Ela, porém, abriu seu caminho para conseguir o apoio de investidores ao se distanciar de algumas propostas mais esquerdistas do PT. Dilma também prometeu continuar com políticas do presidente Luiz Inácio Lula da Silva que agradam os mercados e que ajudaram a impulsionar a economia nos últimos anos.
"Nenhum dos candidatos é o sonho de Wall Street, mas Serra é o maior risco. Ele traz mais incerteza e possibilidade de mudança", disse Alexandre Barros, analista político que acompanha Serra desde que os dois eram ativistas estudantis em São Paulo, em 1962.
Xico Graziano, assessor de Serra, tentou amenizar as preocupações dos investidores: "Os investidores conhecem as qualidades do Serra e o modo dele entender a economia, não é segredo para ninguém."
NERVOSISMO NO MERCADO?
Até agora, poucos investidores se preocuparam com as eleições de 3 de outubro, descartando qualquer um dos principais candidatos como populistas que ameacem a estabilidade econômica.
Mas esse sentimento de calma está em risco com a proximidade da eleição e a articulação mais clara dos candidatos sobre suas propostas e programas.
Serra disse nesta semana que as taxas de juros precisam ser reduzidas e que o real está "megavalorizado".
"Com o Serra há preocupação com as taxas de juros e câmbio, embora eu pense que ele seria mais rígido na disciplina fiscal do que a Dilma", disse Reginaldo Alexandre, diretor da Abamec (Associação Brasileira dos Analistas do Mercado de Capitais) em São Paulo.

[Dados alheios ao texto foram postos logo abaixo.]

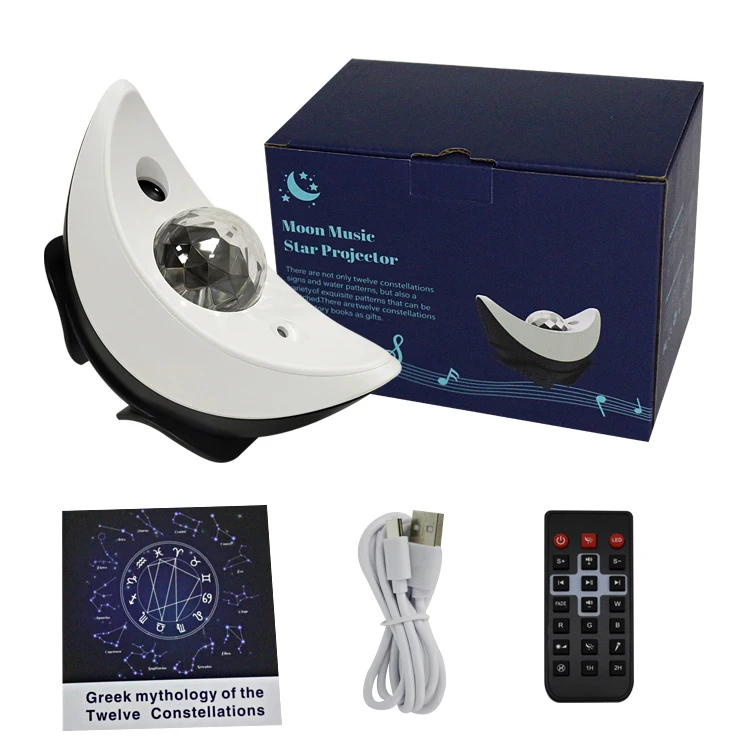Moon Boat Smart Remote Control Music Star Light Twelve Zodiac Signs Romantic Projector Water Pattern Projection Light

Dilma tem conseguido avanços nas pesquisas de intenção de voto, apoiada pelo crescimento da economia e pela alta taxa de aprovação de Lula, embora não tenha chegado a uma liderança clara.
"O mercado não precificou o risco de Serra porque ele acha que a Dilma vai vencer", disse Rafael Cortez, analista político da consultoria Tendências.

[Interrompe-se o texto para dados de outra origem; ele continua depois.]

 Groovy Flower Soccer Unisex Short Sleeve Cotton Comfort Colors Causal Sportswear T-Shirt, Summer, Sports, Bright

Se a petista não estabelecer uma vantagem sólida sobre Serra em agosto, Volpon disse que "pode haver movimentos violentos (do mercado), especialmente na taxa de câmbio".
PAPEL DO ESTADO
Serra também deu sinais mistos sobre o papel do Estado na economia. Ele criticou a criação de uma nova companhia estatal e o uso de recursos do Estado para o trem-bala, e prometeu restaurar os poderes das agências reguladoras.
Mas também elogiou as medidas de estímulo econômico de Lula e propôs mais desenvolvimento liderado pelo Estado.
"Defendo um projeto de desenvolvimento nacional para o Brasil, o ativismo governamental", disse Serra.
Apesar de querer cortar os excessos do governo, Serra também quer dobrar o Bolsa Família de Lula, criticado durante anos por muitos de seus partidários.
Alguns analistas dizem que as posições variadas refletem sua estratégia de campanha. Ele pretende ser visto como uma mudança, mas não quer abandonar as políticas que tornaram Lula popular.
"A Dilma diz ao mercado o que ele quer ouvir. A mensagem de Serra é mais política, porque ele precisa ganhar votos", disse Dany Rappaport, sócio da consultoria financeira InvestPort.
Mas Serra tem um histórico de intervenção governamental e é ligado à escola de pensamento que defende planejamento econômico, Estado forte, controles de capital e substituição de importações.
Como ministro do Planejamento, ele peitou a ala pró-mercado do governo Fernando Henrique e foi transferido ao Ministério da Saúde. Lá, ele fez a gigante farmacêutica suíça Roche diminuir os preços sob ameaça de quebrar a patente da empresa.
"Suas propostas refletem suas crenças --não é propaganda. Mas, de qualquer forma, isso gera incerteza", disse Barros.